*What you need to do*
Pictures aside, copy exactly the lines running from the one with "非エンジニアがPythonで業務自動化を始めて気づいた3つのこと" to the end of the records.
====
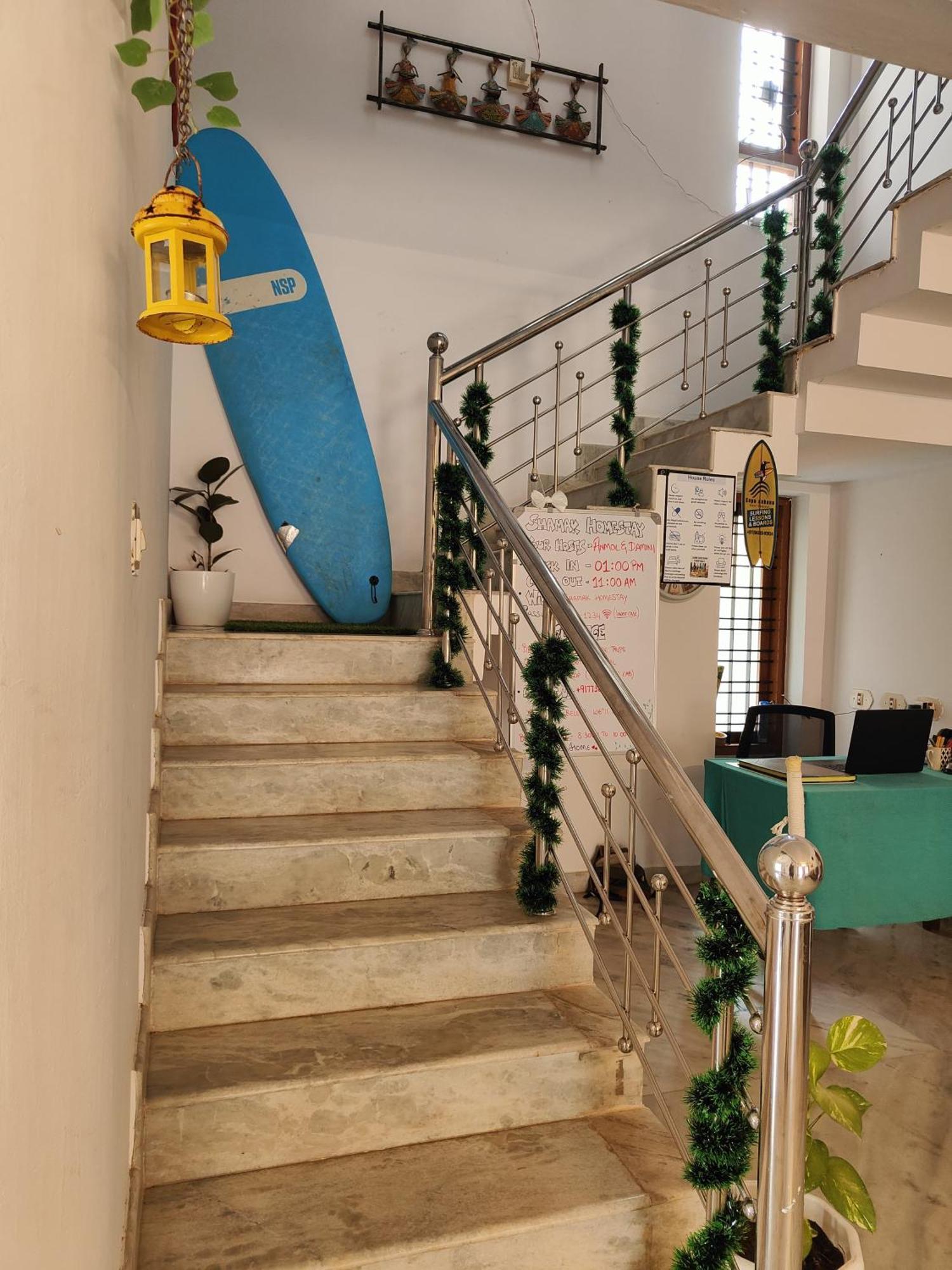 Shamak Homestay วาร์คาลา ภายนอก รูปภาพ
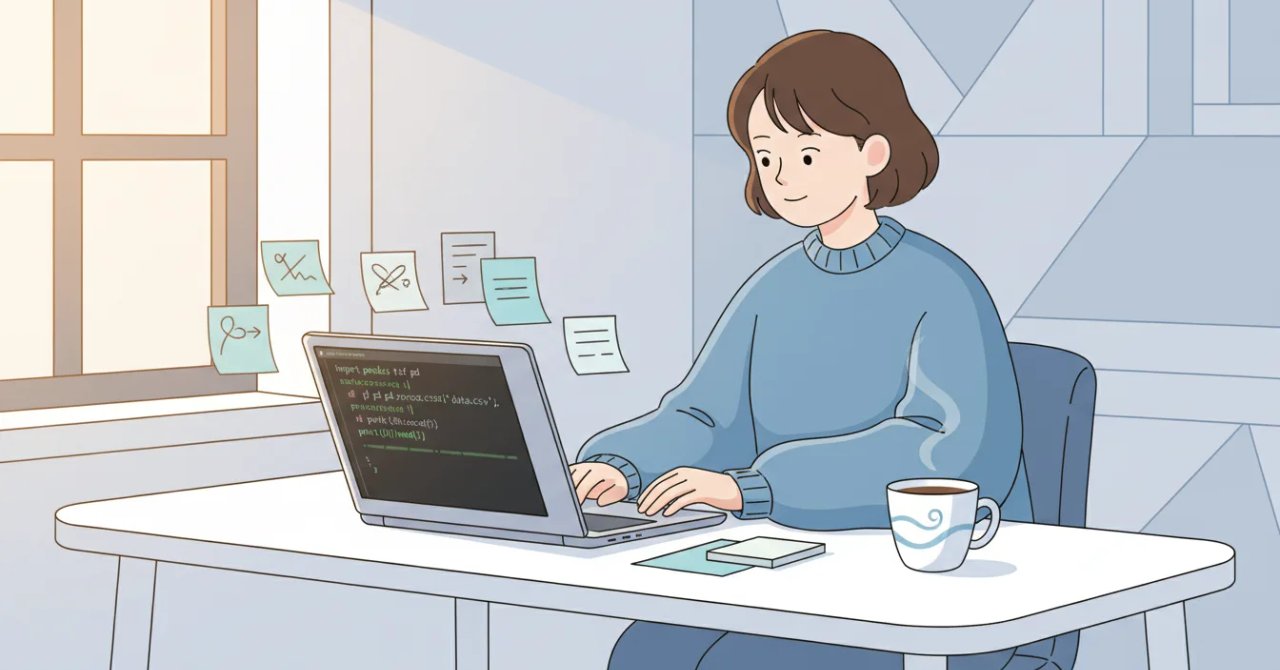 非エンジニアがPythonで業務自動化を始めて気づいた3つのこと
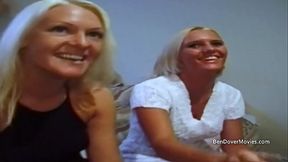 Tracy and Sharon put on a show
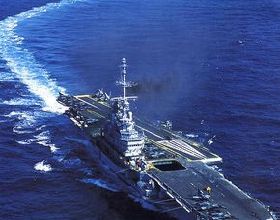 1995年法國贈送克萊蒙梭級航母，為何遭到我國拒絕？裡面大有文章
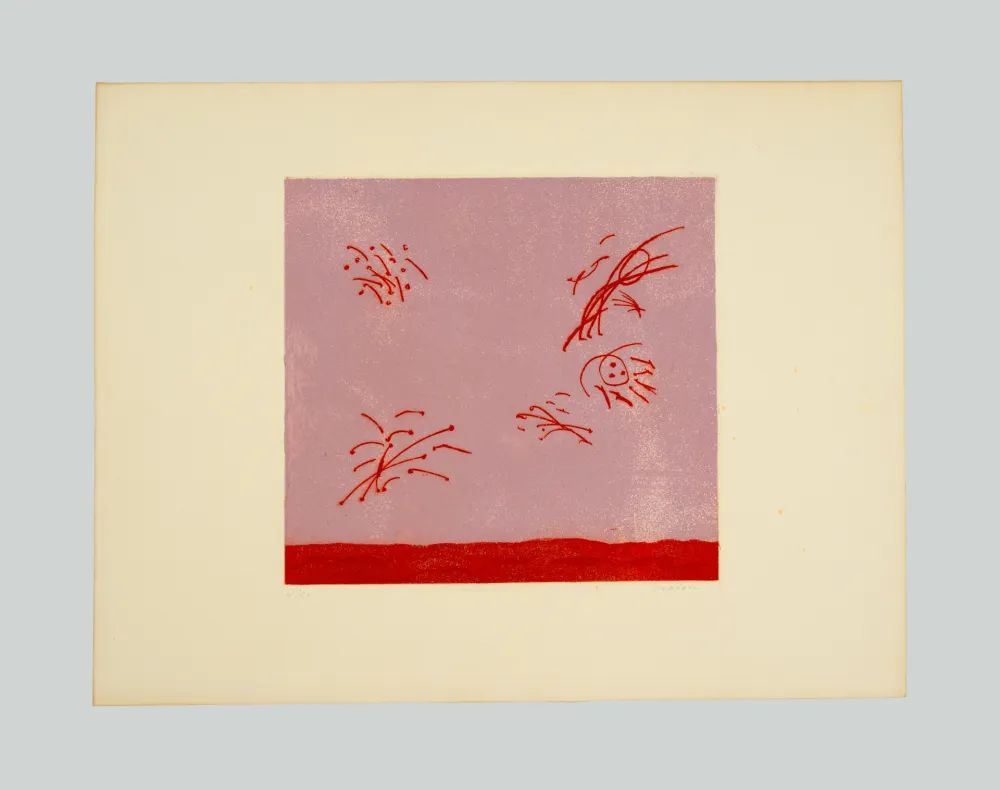 Aguafuerte Y Aguatinta Turcato - Composizione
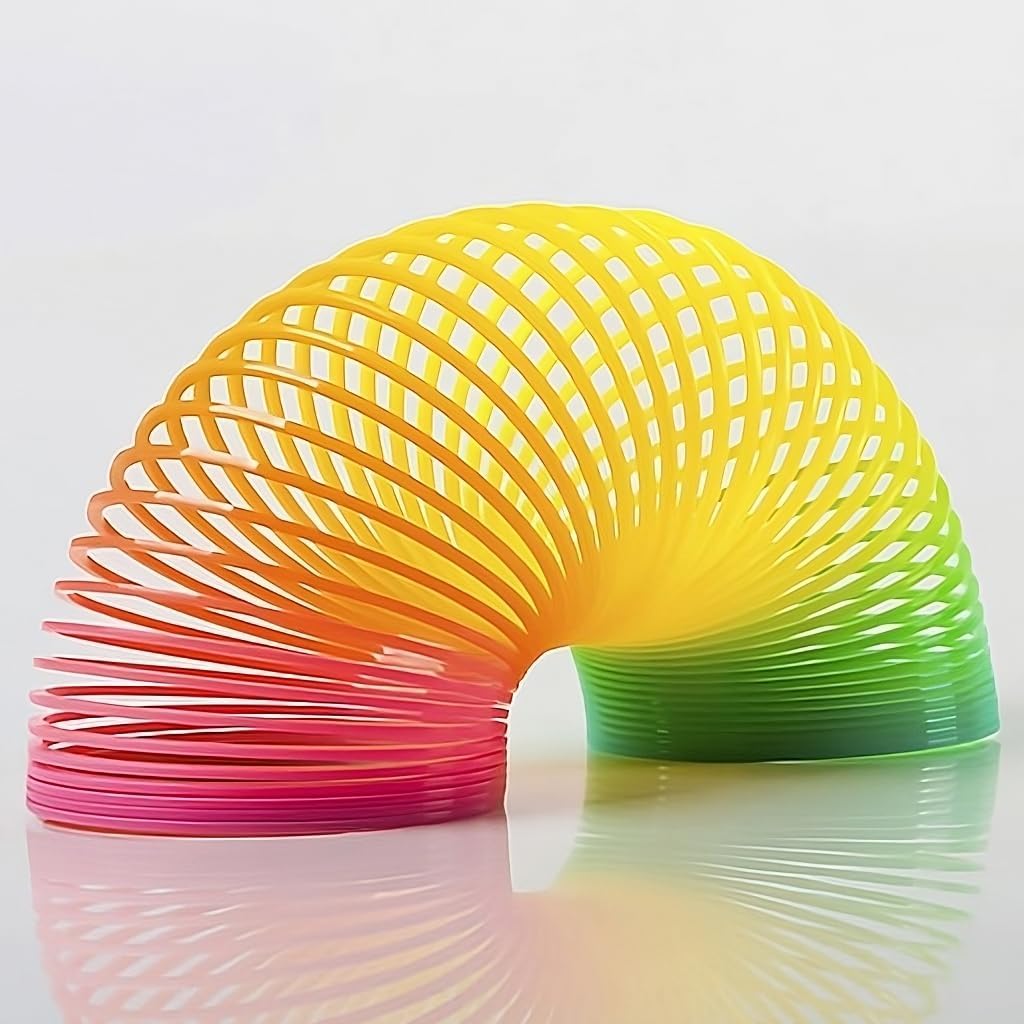 Magic Rainbow Spring Fun Activity Stress Relief Toy for Kids Adults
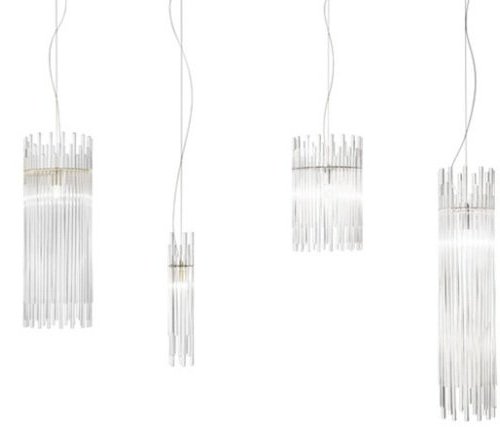 Подвесной светильник Vistosi DIADEMA DIADEMA SP B G CR CR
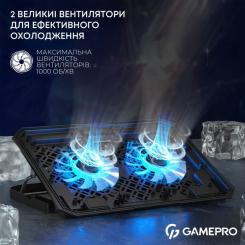Подставка для ноутбука GamePro CP350 Фото 4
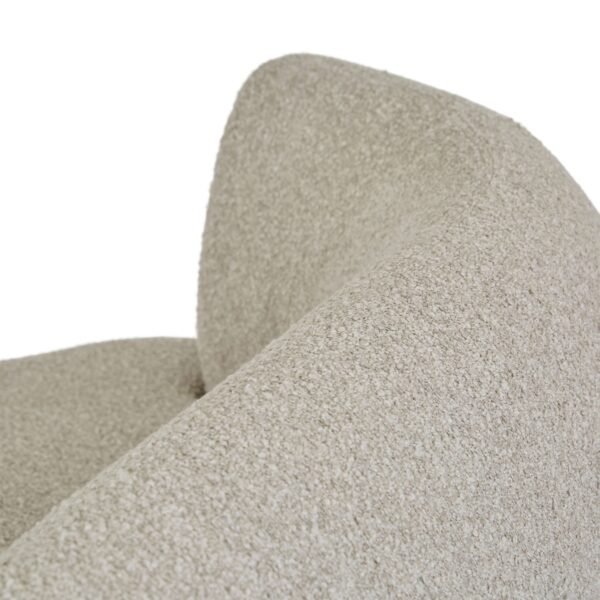 Vera Day Bed-Oat Sherpa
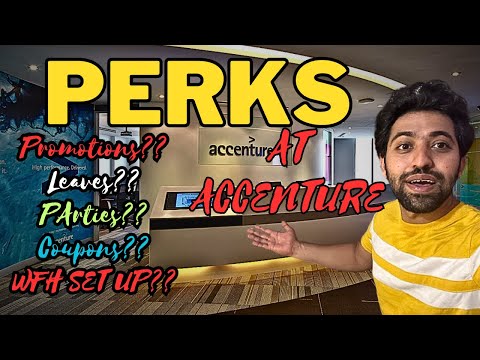 Perks Of Working At Accenture😍  | Benefits of Working In Accenture | Accenture Benefits | Accenture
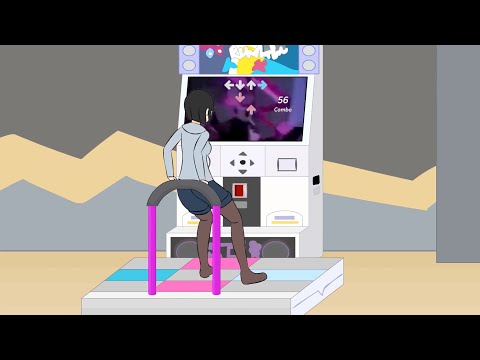 How pro arcade players play the dancing machines
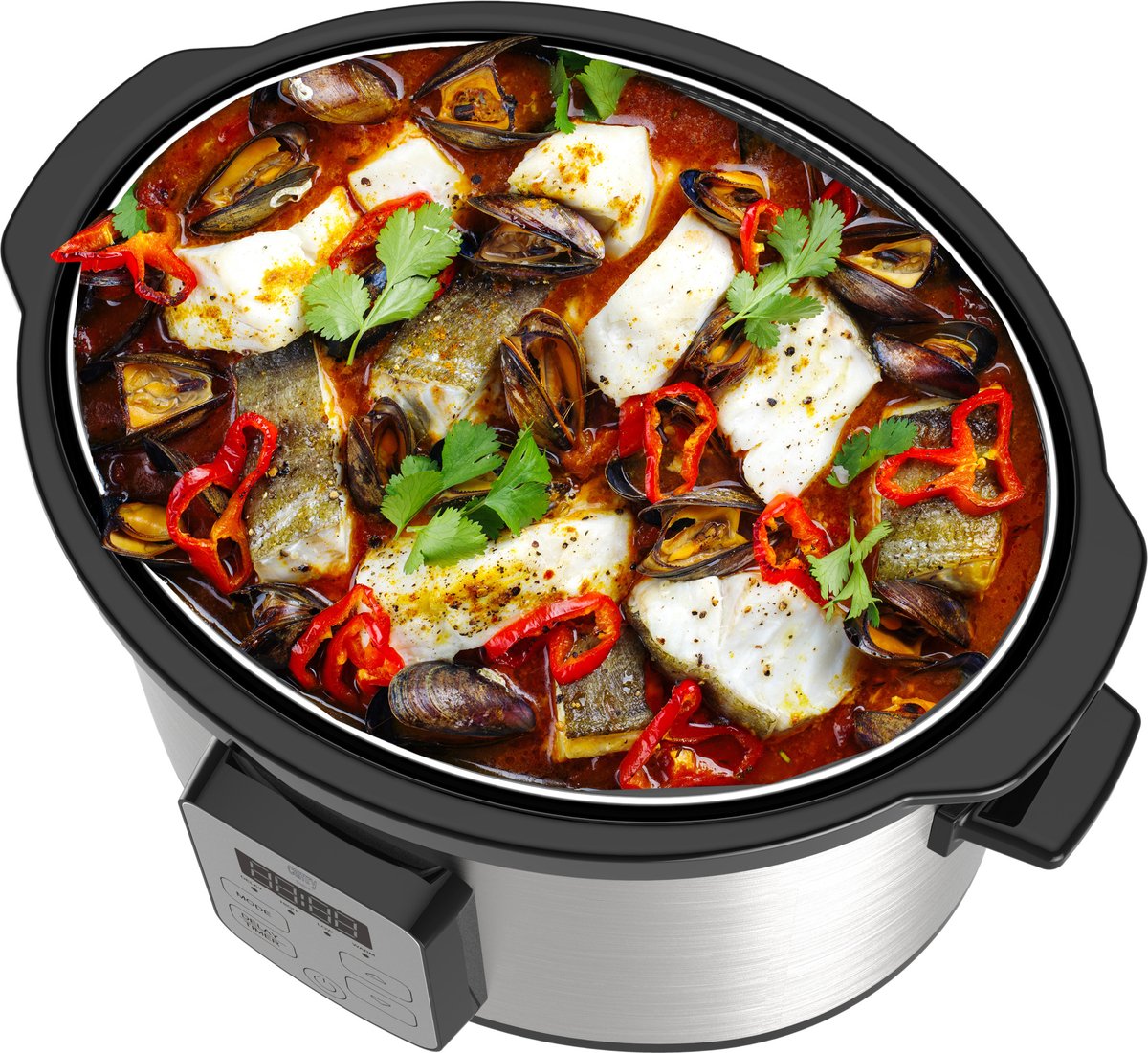 Afbeelding 3 van Camry CR 6414 - Slowcooker - 4,7 liter - Led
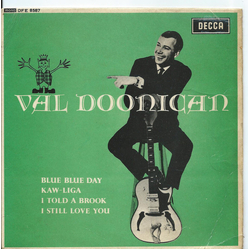 Val Doonican Val Doonican Vinyl 7" USED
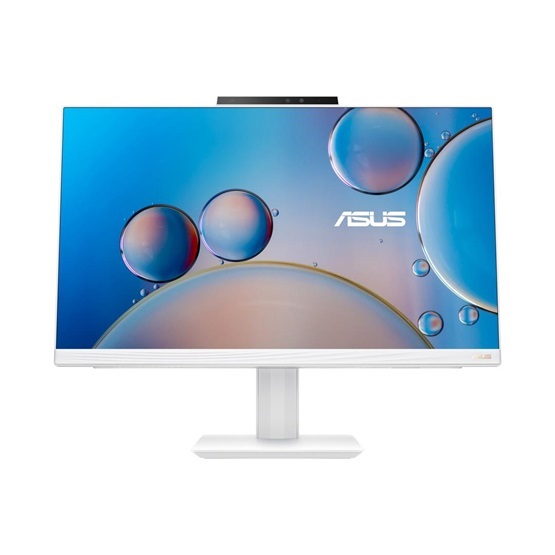 Asus A5402WVARK-WPC0060 23,8"FHD/Core 5 120U/8GB/512GB/DOS/fehér All-in-One asztali számítógép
====
*Solution to the exercise*
 非エンジニアがPythonで業務自動化を始めて気づいた3つのこと
 Tracy and Sharon put on a show
 1995年法國贈送克萊蒙梭級航母，為何遭到我國拒絕？裡面大有文章
 Aguafuerte Y Aguatinta Turcato - Composizione
 Magic Rainbow Spring Fun Activity Stress Relief Toy for Kids Adults
 Подвесной светильник Vistosi DIADEMA DIADEMA SP B G CR CR
Подставка для ноутбука GamePro CP350 Фото 4
 Vera Day Bed-Oat Sherpa
 Perks Of Working At Accenture😍  | Benefits of Working In Accenture | Accenture Benefits | Accenture
 How pro arcade players play the dancing machines
 Afbeelding 3 van Camry CR 6414 - Slowcooker - 4,7 liter - Led
 Val Doonican Val Doonican Vinyl 7" USED
 Asus A5402WVARK-WPC0060 23,8"FHD/Core 5 120U/8GB/512GB/DOS/fehér All-in-One asztali számítógép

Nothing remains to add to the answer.